Three-fourths of the children traveling without an adult come from three Central American countries: Honduras, Guatemala, and El Salvador. According to reports, parents and families are sending children to the U.S. so they can escape violence and poverty. The U.S. federal systems designed to take detained minors through required legal processes have proved inadequate to meet the demands of the recent influx of unprotected children and youth.
In light of the developing humanitarian crisis taking place along the southern U.S. border, the Church of the Nazarene is actively assessing the situation to determine the best ways the church can be involved in meeting the needs of these children.
The greatest need is creating temporary shelter for the children as they go through the legal system that determines their permanent placement. According to U.S. law, children who are detained at the border must be housed and protected while they go through these judicial proceedings and other legal processes.

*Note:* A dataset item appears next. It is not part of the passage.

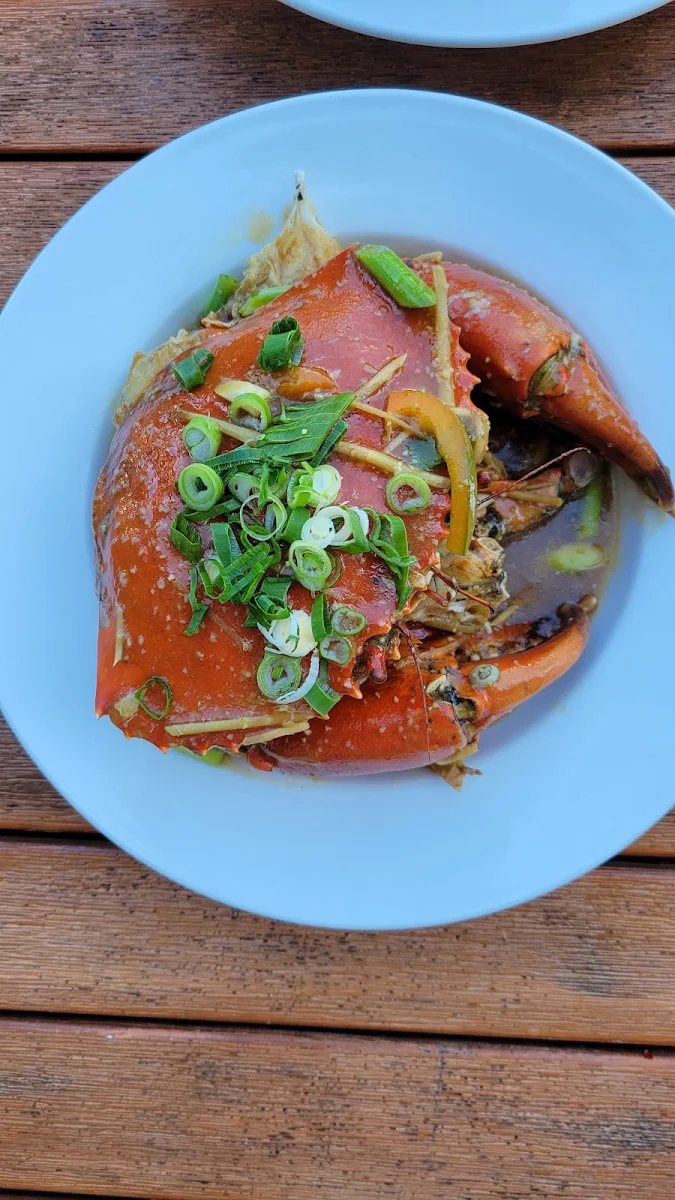 NT Chilli Crab, Cathy’s Place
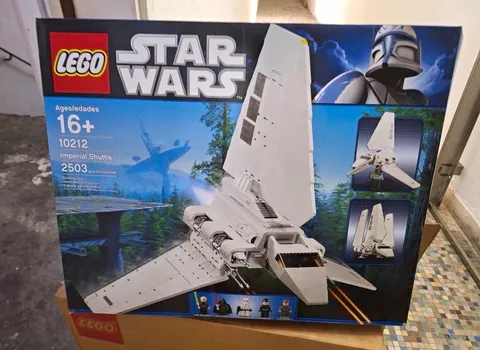 RARE LEGO Star Wars 10212 Imperial Shuttle Complete Set 2503 pcs Ages 16+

In response, the Church of the Nazarene partnered with the National Latino Evangelical Coalition (NaLEC) and other faith-based organizations to provide temporary shelter through a federal grant for unaccompanied minors. Gabriel Salguero, co-pastor of The Lamb’s Church of the Nazarene in New York City and president of NaLEC, is leading the multi-agency response.

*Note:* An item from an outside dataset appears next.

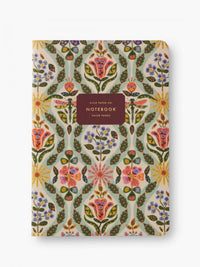Posy Stitched Notebooks S/3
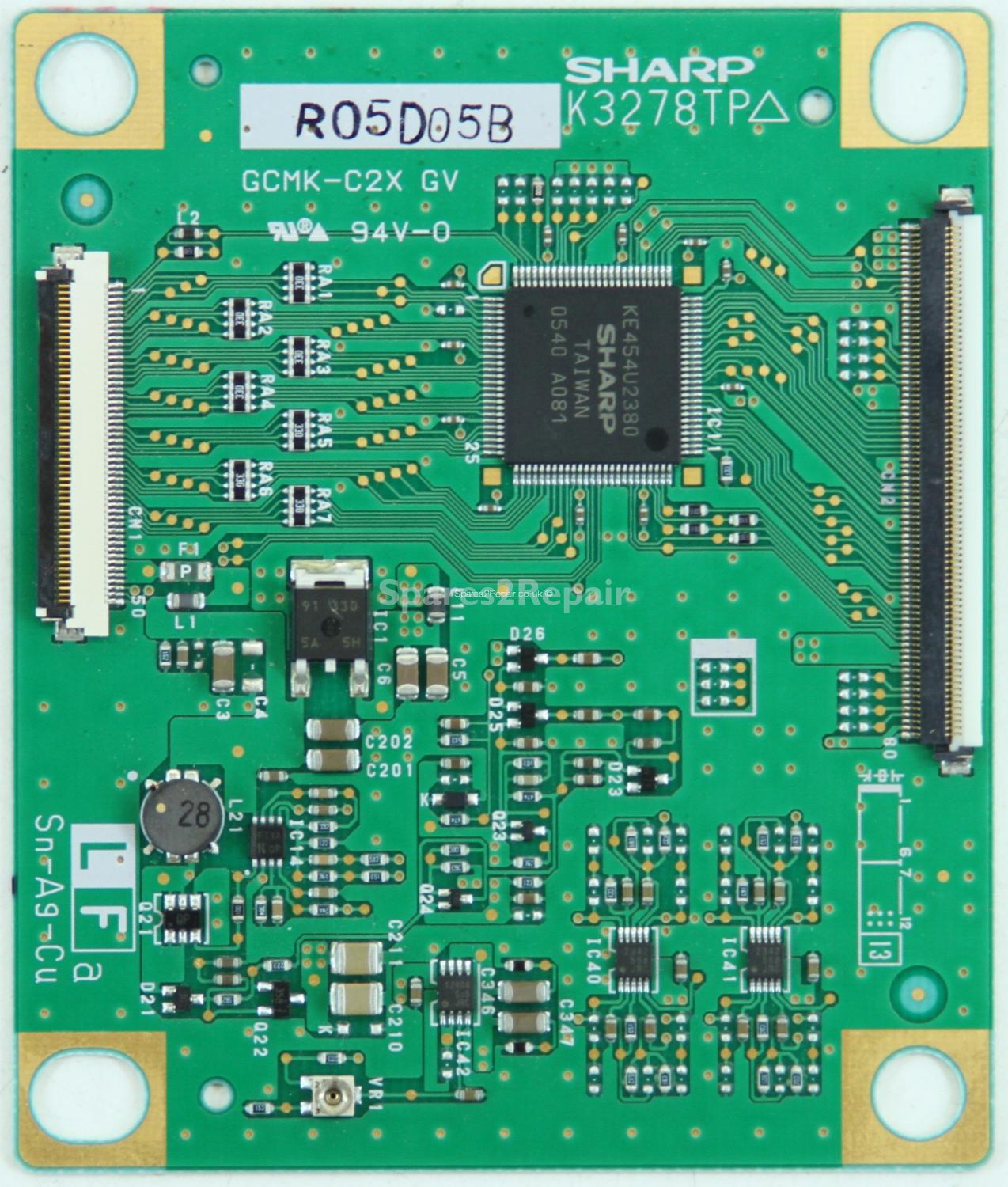 Technosonic LCD2050D - LVDS - K3278TP - R05D05B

“Our focus is doing ministry with these children while they are in our country,” Salguero said. “These are real children real lives. As a church, we cannot turn our backs on them.”
As part of the joint project, two Nazarene churches are slated to provide ongoing shelter and care to vulnerable, unaccompanied youth. These churches will create child development centers equipped to give emergency relief to between 25 and 100 children at a time for up to 18 months. The centers will provide shelter, food, clothing, education, counseling, spiritual care, and legal assistance for youth ages 13 to 17.
Joel Tooley, pastor of the Tavares, Florida, Church of the Nazarene, will coordinate the denomination’s multi-faceted response. Tooley confirmed six Nazarene districts are currently involved in direct ministry to children impacted by the border crisis.
“For over a month, leaders have been assessing the complex landscape of this crisis,” he said. “While there are many sensitive issues surrounding this situation, we are reminded that our focus as the church must remain on these vulnerable children.”
The Church of the Nazarene will continue to respond with care for vulnerable minors in the following ways:
Prayer: The U.S. church was invited by its government to participate in the active care of children; this is a significant opportunity for the church to serve with prayer.
Support: Church leaders on the USA/Canada Region are focused on creating temporary child development centers in Florida, New York, Texas, and Arizona. As temporary centers open, opportunities for short-term employment or volunteers may arise. Those who would like to financially support efforts to minister to children caught in this crisis can give through Nazarene Compassionate Ministries.
Advocacy: Church leaders invite U.S. citizens to advocate on behalf of vulnerable children and for reformed immigration laws that reflect biblical values.
The Board of General Superintendents endorsed the efforts of the Evangelical Immigration Table. They are joined by leaders of other denominations and Christian organizations, including Jo Anne Lyon, general superintendent of The Wesleyan Church; Leith Anderson, president of the National Association of Evangelicals; William A. Roberts, national commander of The Salvation Army; Jim Daly, president and CEO of Focus on the Family; Stephan Bauman, president and CEO of World Relief; William Robinson, interim president of the Council for Christian Colleges and Universities; and Daniel F. Flores, president of Sociedad Wesleyana.
“I am confident that our churches will respond appropriately,” said David Busic, Church of the Nazarene general superintendent. “We will open our hearts to anyone who is in need. The Father of the fatherless urges us He compels us to respond to these children with care and compassion.”